_Source records_
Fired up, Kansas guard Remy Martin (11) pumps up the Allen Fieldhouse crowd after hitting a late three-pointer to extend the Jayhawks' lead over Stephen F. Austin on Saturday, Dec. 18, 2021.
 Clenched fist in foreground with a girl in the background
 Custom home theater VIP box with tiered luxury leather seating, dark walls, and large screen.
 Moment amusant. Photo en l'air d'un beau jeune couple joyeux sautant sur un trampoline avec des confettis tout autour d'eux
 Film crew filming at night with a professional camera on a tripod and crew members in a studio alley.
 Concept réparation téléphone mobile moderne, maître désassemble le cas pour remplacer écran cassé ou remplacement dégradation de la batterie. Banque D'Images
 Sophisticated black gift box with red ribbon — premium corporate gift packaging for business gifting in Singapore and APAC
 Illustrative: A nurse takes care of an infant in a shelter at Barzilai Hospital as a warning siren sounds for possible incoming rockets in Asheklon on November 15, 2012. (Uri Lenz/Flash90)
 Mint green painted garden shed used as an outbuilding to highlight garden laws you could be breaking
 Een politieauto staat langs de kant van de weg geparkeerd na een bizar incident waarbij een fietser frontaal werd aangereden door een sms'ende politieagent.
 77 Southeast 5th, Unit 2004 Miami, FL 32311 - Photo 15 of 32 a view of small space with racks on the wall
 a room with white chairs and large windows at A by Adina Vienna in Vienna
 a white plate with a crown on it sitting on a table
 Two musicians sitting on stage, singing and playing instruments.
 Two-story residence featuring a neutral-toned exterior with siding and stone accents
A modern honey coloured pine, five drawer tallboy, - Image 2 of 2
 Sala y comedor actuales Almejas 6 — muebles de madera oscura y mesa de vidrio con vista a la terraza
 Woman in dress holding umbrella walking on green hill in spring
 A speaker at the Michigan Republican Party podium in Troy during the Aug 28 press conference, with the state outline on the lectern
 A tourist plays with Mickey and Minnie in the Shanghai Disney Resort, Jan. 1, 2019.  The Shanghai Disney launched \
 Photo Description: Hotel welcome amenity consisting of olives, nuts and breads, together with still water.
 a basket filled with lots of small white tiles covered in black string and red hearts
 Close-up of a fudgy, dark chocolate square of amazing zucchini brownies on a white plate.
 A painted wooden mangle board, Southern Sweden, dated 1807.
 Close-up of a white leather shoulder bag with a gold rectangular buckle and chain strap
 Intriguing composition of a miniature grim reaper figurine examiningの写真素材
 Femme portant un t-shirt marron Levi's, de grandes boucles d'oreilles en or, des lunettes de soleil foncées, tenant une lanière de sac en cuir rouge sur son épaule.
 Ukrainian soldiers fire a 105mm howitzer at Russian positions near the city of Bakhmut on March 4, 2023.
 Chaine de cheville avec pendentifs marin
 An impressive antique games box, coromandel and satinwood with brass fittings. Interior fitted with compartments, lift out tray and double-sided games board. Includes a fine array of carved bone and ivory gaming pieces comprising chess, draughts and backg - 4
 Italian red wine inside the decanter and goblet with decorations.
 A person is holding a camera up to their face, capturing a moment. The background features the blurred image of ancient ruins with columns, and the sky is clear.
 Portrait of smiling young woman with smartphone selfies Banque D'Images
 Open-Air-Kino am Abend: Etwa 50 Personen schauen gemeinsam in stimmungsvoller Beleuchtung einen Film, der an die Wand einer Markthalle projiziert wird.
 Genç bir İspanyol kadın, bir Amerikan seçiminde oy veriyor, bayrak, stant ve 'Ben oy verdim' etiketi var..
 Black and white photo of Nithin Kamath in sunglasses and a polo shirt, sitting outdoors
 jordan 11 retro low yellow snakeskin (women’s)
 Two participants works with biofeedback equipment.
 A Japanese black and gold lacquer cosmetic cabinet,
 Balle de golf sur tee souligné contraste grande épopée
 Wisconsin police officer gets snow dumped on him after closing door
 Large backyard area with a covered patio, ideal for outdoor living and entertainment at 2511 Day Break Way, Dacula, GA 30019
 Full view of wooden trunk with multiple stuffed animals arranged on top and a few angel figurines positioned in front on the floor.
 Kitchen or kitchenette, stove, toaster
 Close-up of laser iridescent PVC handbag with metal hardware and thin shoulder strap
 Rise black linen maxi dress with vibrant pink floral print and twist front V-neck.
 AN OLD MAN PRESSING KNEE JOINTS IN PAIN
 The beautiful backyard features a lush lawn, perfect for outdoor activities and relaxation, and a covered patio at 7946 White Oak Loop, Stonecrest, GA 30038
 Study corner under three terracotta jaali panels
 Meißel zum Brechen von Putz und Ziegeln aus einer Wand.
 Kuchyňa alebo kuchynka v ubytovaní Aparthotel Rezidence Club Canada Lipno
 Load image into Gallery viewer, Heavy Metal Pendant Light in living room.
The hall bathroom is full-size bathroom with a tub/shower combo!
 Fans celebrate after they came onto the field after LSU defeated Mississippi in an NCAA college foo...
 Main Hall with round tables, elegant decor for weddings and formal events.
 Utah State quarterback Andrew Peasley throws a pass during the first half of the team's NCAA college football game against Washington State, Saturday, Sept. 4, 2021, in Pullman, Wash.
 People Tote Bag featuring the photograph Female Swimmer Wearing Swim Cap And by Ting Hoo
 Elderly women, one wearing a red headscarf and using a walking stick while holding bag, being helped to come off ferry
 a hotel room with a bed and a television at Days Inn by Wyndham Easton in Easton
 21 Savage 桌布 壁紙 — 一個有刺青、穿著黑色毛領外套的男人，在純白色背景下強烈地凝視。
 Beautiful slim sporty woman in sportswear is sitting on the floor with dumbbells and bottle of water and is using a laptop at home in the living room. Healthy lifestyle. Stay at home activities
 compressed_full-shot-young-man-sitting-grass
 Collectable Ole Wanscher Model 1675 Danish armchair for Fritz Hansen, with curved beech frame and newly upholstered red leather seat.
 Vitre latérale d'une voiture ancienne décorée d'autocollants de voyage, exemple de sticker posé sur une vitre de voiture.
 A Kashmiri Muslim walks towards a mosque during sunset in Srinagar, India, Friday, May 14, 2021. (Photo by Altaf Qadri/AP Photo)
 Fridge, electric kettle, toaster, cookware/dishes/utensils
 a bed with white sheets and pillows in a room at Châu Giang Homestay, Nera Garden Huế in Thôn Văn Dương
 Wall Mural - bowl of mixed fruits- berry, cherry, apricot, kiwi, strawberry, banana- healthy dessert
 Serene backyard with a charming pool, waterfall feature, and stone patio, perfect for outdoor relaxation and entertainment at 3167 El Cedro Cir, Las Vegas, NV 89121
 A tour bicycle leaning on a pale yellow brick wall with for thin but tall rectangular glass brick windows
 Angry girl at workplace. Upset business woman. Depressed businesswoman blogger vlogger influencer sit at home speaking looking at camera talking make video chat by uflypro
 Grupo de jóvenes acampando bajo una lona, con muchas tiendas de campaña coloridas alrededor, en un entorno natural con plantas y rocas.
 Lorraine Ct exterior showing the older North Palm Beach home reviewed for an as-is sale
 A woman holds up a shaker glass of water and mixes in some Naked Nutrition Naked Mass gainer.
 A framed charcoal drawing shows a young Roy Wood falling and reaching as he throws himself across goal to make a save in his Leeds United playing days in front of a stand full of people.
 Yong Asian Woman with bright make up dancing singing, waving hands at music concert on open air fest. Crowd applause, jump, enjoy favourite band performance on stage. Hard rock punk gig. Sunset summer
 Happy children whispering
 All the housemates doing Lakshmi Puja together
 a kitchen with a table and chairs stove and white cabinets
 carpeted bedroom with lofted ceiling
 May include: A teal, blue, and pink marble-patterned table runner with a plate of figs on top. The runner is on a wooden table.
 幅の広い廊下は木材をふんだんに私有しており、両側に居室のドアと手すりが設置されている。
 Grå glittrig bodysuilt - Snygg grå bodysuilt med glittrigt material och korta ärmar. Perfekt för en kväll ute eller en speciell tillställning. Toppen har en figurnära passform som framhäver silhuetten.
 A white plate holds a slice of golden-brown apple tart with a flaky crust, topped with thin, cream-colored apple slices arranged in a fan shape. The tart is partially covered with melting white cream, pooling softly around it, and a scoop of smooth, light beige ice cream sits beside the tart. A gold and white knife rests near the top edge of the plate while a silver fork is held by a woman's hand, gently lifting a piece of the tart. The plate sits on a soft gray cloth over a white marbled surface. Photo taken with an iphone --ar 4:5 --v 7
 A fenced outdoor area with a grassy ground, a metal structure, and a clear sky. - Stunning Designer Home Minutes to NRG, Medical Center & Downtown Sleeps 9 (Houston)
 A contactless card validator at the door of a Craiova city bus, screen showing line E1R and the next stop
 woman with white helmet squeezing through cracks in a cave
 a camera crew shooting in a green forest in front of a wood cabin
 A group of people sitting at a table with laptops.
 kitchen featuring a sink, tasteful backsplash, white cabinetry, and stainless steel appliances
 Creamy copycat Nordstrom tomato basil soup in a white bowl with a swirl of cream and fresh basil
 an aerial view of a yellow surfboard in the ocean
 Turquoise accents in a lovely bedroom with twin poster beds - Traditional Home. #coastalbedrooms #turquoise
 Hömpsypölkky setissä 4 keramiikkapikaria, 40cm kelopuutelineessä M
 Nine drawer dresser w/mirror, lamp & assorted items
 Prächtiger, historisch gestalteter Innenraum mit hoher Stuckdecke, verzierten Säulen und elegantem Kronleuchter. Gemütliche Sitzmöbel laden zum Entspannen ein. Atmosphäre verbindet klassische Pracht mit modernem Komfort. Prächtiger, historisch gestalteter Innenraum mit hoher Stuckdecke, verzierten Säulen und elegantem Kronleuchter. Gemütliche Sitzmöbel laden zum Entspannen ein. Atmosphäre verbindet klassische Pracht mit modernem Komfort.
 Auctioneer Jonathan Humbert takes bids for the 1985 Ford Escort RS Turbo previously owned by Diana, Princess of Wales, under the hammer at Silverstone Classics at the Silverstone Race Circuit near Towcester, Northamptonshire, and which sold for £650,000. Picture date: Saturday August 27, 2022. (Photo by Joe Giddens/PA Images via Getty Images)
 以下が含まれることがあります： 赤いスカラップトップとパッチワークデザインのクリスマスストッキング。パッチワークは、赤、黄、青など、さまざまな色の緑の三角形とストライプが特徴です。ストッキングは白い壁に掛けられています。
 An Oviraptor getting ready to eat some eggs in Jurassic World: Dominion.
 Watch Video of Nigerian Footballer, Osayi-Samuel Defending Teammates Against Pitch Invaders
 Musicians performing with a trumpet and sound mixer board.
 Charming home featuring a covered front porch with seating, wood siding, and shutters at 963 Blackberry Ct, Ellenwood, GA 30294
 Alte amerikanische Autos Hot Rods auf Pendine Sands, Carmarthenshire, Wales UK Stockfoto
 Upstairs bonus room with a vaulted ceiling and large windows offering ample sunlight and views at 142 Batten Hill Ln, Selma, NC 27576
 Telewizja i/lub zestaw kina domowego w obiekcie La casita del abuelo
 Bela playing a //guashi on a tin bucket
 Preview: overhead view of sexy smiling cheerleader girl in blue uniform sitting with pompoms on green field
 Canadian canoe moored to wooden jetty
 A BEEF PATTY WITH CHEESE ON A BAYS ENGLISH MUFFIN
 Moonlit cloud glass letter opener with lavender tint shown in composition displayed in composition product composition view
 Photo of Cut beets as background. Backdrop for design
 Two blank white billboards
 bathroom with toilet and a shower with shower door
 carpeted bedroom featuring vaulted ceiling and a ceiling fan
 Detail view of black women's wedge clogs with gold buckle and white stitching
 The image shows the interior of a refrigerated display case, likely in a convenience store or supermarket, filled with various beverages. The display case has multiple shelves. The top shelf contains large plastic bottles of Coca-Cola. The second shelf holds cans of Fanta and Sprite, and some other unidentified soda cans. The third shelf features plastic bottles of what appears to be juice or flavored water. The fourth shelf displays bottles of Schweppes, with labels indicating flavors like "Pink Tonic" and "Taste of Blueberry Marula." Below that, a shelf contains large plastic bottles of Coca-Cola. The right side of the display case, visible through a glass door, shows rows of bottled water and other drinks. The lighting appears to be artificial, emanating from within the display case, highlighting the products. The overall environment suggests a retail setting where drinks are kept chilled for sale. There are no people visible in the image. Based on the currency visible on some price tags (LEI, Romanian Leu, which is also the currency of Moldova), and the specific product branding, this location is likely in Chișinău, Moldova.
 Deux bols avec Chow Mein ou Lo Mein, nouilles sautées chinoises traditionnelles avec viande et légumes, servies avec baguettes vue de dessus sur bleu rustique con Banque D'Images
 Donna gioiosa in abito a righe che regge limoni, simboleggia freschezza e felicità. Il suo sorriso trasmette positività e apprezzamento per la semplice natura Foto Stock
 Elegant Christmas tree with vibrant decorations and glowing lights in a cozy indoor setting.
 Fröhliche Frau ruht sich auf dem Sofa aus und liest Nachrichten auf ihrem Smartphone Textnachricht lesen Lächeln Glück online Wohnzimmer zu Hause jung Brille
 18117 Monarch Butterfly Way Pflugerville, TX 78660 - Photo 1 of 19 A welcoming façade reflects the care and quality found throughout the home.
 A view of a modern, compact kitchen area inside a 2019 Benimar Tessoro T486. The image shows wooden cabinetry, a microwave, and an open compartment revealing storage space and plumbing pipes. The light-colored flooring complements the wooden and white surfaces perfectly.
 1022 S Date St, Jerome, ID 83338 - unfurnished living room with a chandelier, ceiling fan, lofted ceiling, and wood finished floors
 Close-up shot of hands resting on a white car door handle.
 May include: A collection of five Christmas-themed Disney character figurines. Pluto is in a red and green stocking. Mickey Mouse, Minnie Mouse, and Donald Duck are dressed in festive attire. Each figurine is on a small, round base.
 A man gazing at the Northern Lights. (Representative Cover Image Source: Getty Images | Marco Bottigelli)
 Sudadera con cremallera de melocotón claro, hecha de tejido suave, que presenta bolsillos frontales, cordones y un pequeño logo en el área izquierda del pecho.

_What you need to do_
Could you write out, exactly as they stand, only the lines above that begin at the line with "Balle de golf" and stop after the line with "compressed_full-shot-young-man-sitting-grass"?

_Result of the task_
 Balle de golf sur tee souligné contraste grande épopée
 Wisconsin police officer gets snow dumped on him after closing door
 Large backyard area with a covered patio, ideal for outdoor living and entertainment at 2511 Day Break Way, Dacula, GA 30019
 Full view of wooden trunk with multiple stuffed animals arranged on top and a few angel figurines positioned in front on the floor.
 Kitchen or kitchenette, stove, toaster
 Close-up of laser iridescent PVC handbag with metal hardware and thin shoulder strap
 Rise black linen maxi dress with vibrant pink floral print and twist front V-neck.
 AN OLD MAN PRESSING KNEE JOINTS IN PAIN
 The beautiful backyard features a lush lawn, perfect for outdoor activities and relaxation, and a covered patio at 7946 White Oak Loop, Stonecrest, GA 30038
 Study corner under three terracotta jaali panels
 Meißel zum Brechen von Putz und Ziegeln aus einer Wand.
 Kuchyňa alebo kuchynka v ubytovaní Aparthotel Rezidence Club Canada Lipno
 Load image into Gallery viewer, Heavy Metal Pendant Light in living room.
The hall bathroom is full-size bathroom with a tub/shower combo!
 Fans celebrate after they came onto the field after LSU defeated Mississippi in an NCAA college foo...
 Main Hall with round tables, elegant decor for weddings and formal events.
 Utah State quarterback Andrew Peasley throws a pass during the first half of the team's NCAA college football game against Washington State, Saturday, Sept. 4, 2021, in Pullman, Wash.
 People Tote Bag featuring the photograph Female Swimmer Wearing Swim Cap And by Ting Hoo
 Elderly women, one wearing a red headscarf and using a walking stick while holding bag, being helped to come off ferry
 a hotel room with a bed and a television at Days Inn by Wyndham Easton in Easton
 21 Savage 桌布 壁紙 — 一個有刺青、穿著黑色毛領外套的男人，在純白色背景下強烈地凝視。
 Beautiful slim sporty woman in sportswear is sitting on the floor with dumbbells and bottle of water and is using a laptop at home in the living room. Healthy lifestyle. Stay at home activities
 compressed_full-shot-young-man-sitting-grass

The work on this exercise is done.